Each line of the data below between the one containing "Vector set of" and the one containing "a koala eat eucalyptus in the forest", both included, is to be repeated exactly. Please omit pictures.

SOURCE INFORMATION Block Start

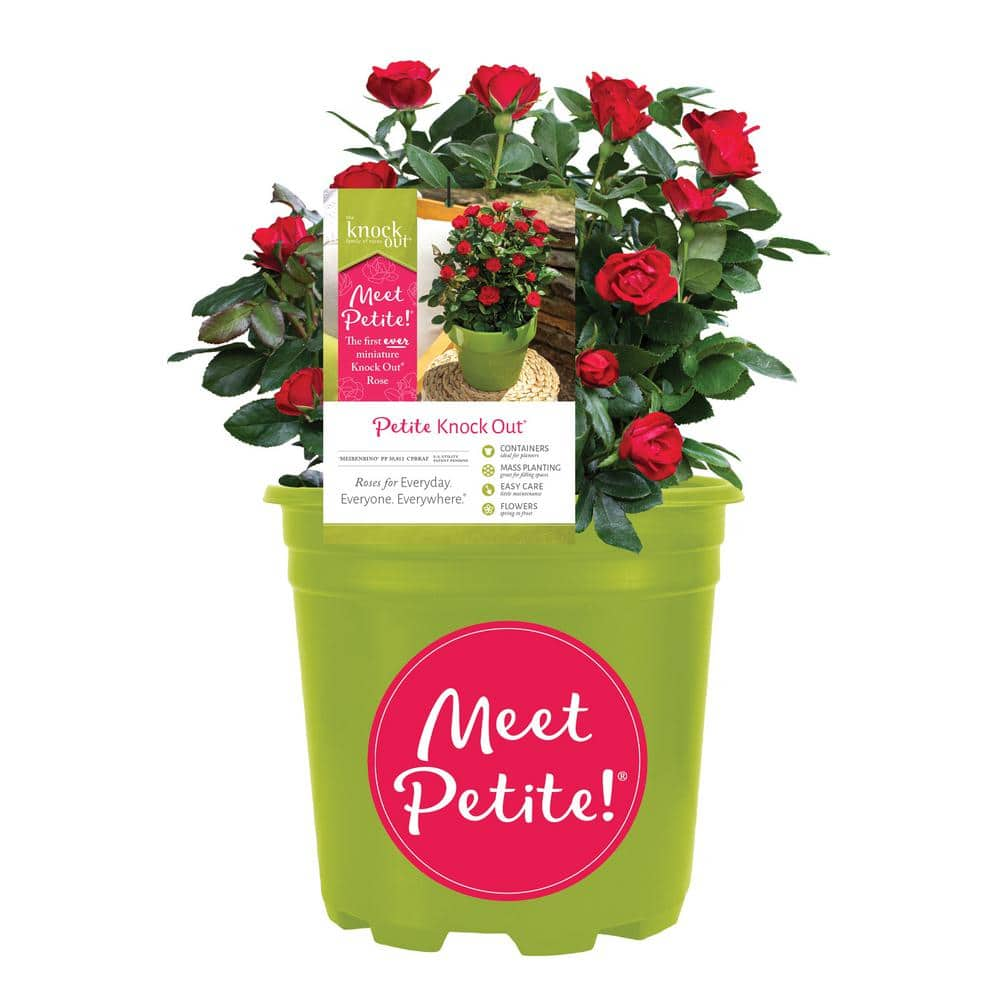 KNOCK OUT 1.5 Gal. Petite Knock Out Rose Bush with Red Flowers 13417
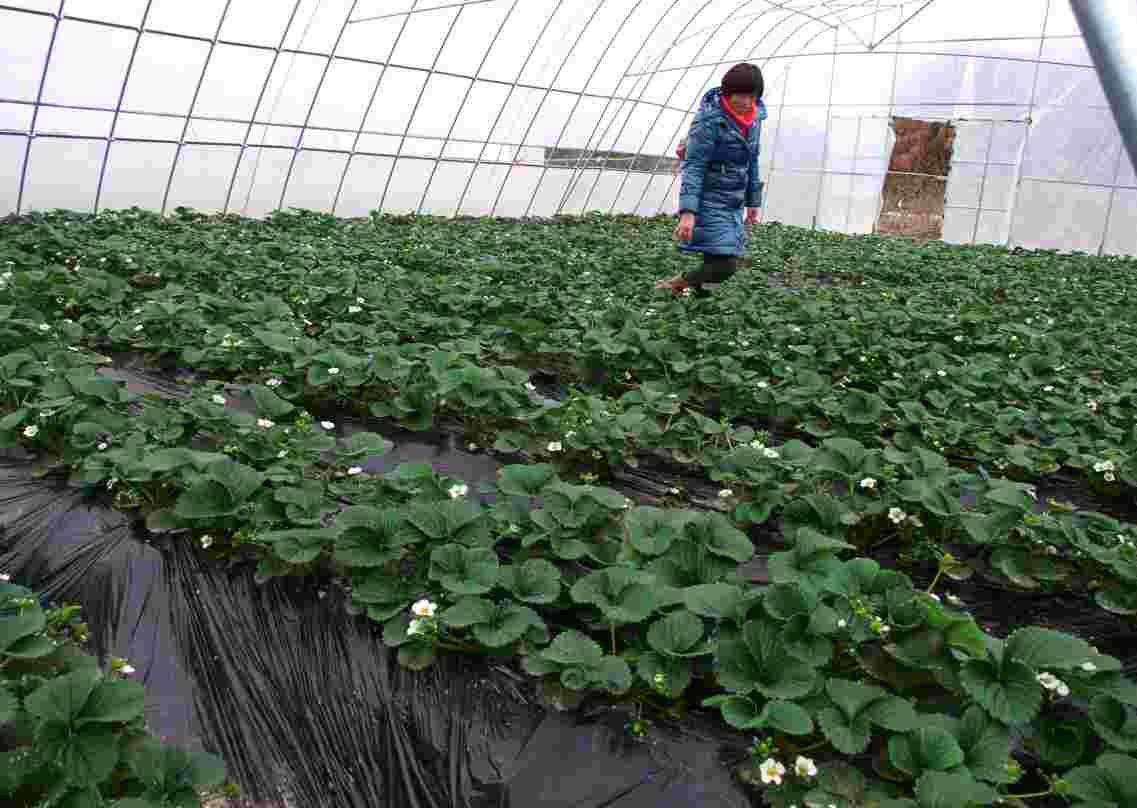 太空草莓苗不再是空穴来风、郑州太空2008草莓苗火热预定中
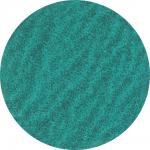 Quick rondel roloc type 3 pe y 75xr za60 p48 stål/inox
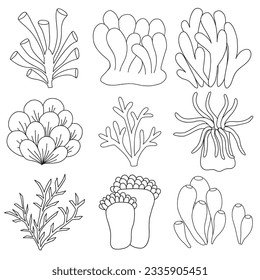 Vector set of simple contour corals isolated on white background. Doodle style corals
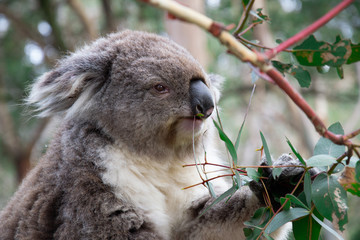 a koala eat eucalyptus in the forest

SOURCE INFORMATION Block End
SOURCE INFORMATION Block Start

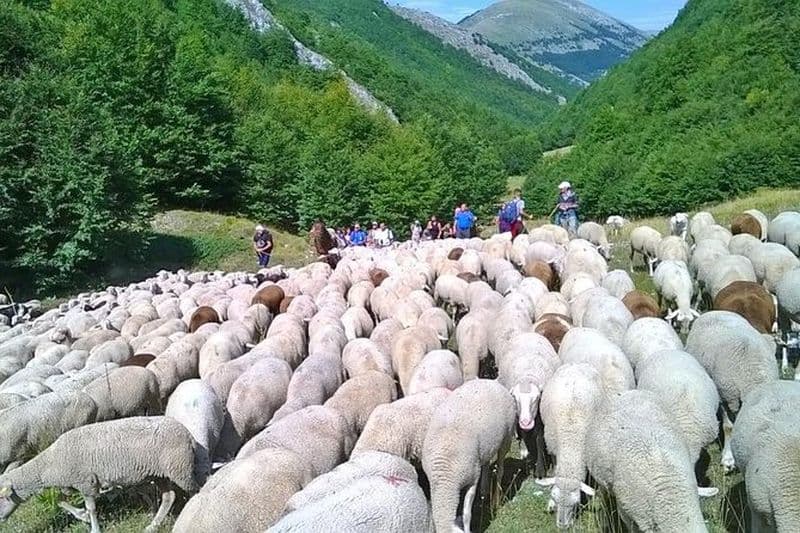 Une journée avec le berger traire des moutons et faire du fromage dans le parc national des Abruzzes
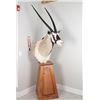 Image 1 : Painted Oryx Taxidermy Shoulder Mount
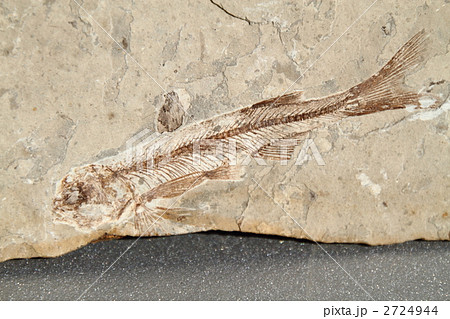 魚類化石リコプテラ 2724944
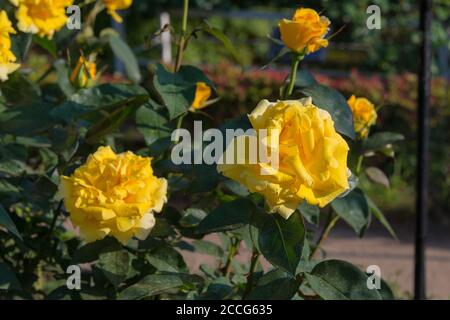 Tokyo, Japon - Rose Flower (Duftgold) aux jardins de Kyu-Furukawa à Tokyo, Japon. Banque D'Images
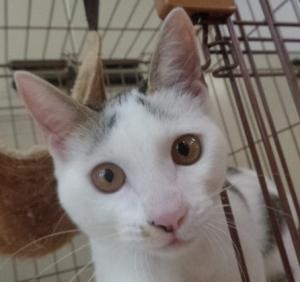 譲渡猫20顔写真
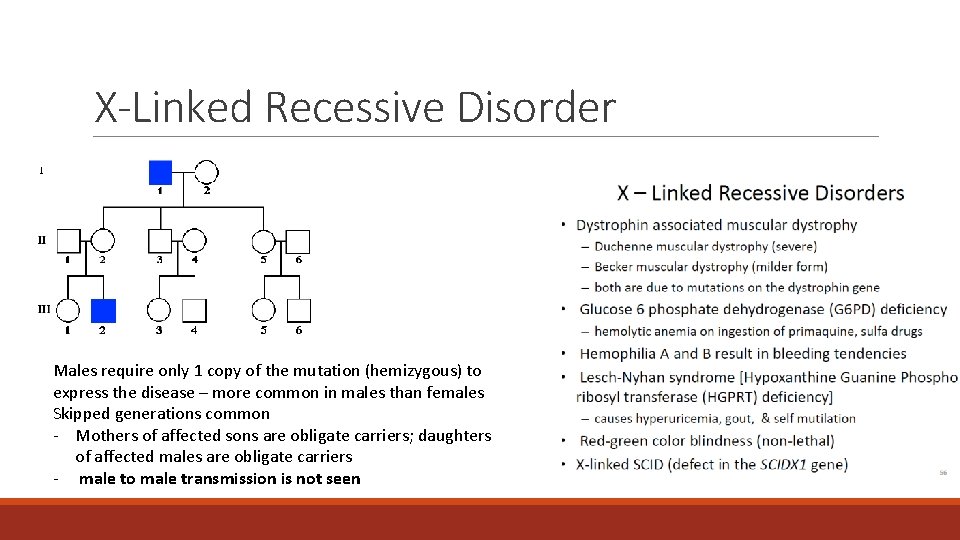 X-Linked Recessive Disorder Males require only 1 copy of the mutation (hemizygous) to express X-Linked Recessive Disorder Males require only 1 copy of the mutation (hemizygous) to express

SOURCE INFORMATION Block End

• SOLUTION FOR THIS PROBLEM:
 Vector set of simple contour corals isolated on white background. Doodle style corals
 a koala eat eucalyptus in the forest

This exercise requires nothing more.